I was actually not planning on giving a formal sermon this week, given that I should be dedicating my time to preparing for Rosh Hashanah and Yom Kippur. And then the report released by the Pennsylvania grand jury investigation into more than 1,000 victims of abuse by Catholic priests over the last 70 years hit the news. And I realized that I cannot let this go by without comment.

And here is why: we who care about religion, and the image that religious people have, are all affected by this. Yes, it might be easy to say, “That’s not us; that is the Catholics.” But that would be an exercise in rationalization. While I think it would be difficult to make the case that the horrific, even systematic kinds of abuse described in this report exist to this extent in the Jewish world, there have certainly been a few cases among the Jews, and even here in Pittsburgh as well, and recently.

I do not think that there is anything that anybody can say or do that can help those who have been hurt in this way by religious leaders. There is nothing that will remove the fear and suspicion, pain and mistrust caused by the abusers. It is a “hillul haShem,” a profanation of God’s name of the highest possible order. And I am simply devastated that those victims may never again be able to put their trust in God, or even in people.

This is not good for the Jews. It’s not good for Judaism, because we, the faithful, have to continue to reach out to those who have been turned off by the appalling behavior of few outwardly pious people. As you know, it is not only my job, but yours as well, to make the case for the value of our tradition, of our prayer and learning and community. However, the echoes of those sins described in the report, and the failure of these dioceses to respond properly, will continue to ring in the ears of those who are looking for an exit not only from the church, but from all forms of religious life, including ours.

Perhaps the only upshot that will come from this is that the report has made it clear that, even though the Church claims that it handles abuse allegations very differently from in the past, the most important thing to do if you ever hear anything that suggests that a case of abuse has taken place is to go immediately to local law enforcement.

You might say that this principle is enshrined in the opening of today’s parashah, Shofetim, which mandates the creation of “shofetim veshoterim,” judges, courts, and law enforcement officers, and gives the imperative, “Tzedeq, tzedeq tirdof.” Justice; you shall pursue justice. It is our responsibility as Jews to ensure that we live in a just society, and that we have the people in place to enforce justice.

***

A childhood acquaintance of mine, Andrew Nicastro, was abused by his Catholic priest in my hometown of Williamstown, Massachusetts, when we were in junior high school. Most of you know that I grew up in an idyllic New England setting, a small college town where life was generally quiet; scandals happened elsewhere.

Williamstown

My perspective as an adult makes everything back in my childhood home seem somehow smaller, less powerful when seen through adult eyes.  The soccer field upon which we rejoiced in victory and choked up over loss; the schoolyard where 6th-grade drama played out in its full, nasty glory, the single-screen movie theater where my friends and I saw the best and worst movies of the 1980s are today less valent, less polarized with emotional residue.

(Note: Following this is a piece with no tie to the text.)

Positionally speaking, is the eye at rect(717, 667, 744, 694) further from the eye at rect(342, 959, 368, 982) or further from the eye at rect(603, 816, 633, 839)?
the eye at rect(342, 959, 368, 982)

My current realities of fatherhood, of meetings and mortgages and the endless logistics of scheduling the modern family have changed the equations of memory and my youth. We grow, we change, we mature.

But more than this, we learn to take responsibility for our choices.  We learn independence, and we learn how to lead.

A few weeks back, in Parashat Va-ethannan, we read the re-iteration of the covenant at Mt. Sinai, the so-called Ten Commandments or Aseret Ha-Dibberot.  It is worth noting that in Shemot, the place where they receive it is called Sinai, and in Devarim it is called Horev / Horeb.

Moshe

Why the change?  What’s the difference?

The names are different precisely because the context is different.  Not Shemot vs. Devarim, per se, but rather that in the first recounting of Moshe’s sojourn on the mountain, the Israelites have just left Egypt; they are, for the first time, masters of their own destiny, but not yet mature. We all know that the generation of freed slaves, as if they were children, whined their way across the desert.  “Moshe, are we there yet?” “Moshe, we’re thirsty.” “Moshe, we miss the meat and the leeks of Egypt.”

But the second telling, the one we read today, occurs nearly forty years later.  The tribes are now led by the children and grandchildren of those former slaves, and they have a new perspective.  As such, they are ready to accept the mitzvot, to accept the obligations of the covenant with God.  They are now a mature people, about to enter their own land. They have grown.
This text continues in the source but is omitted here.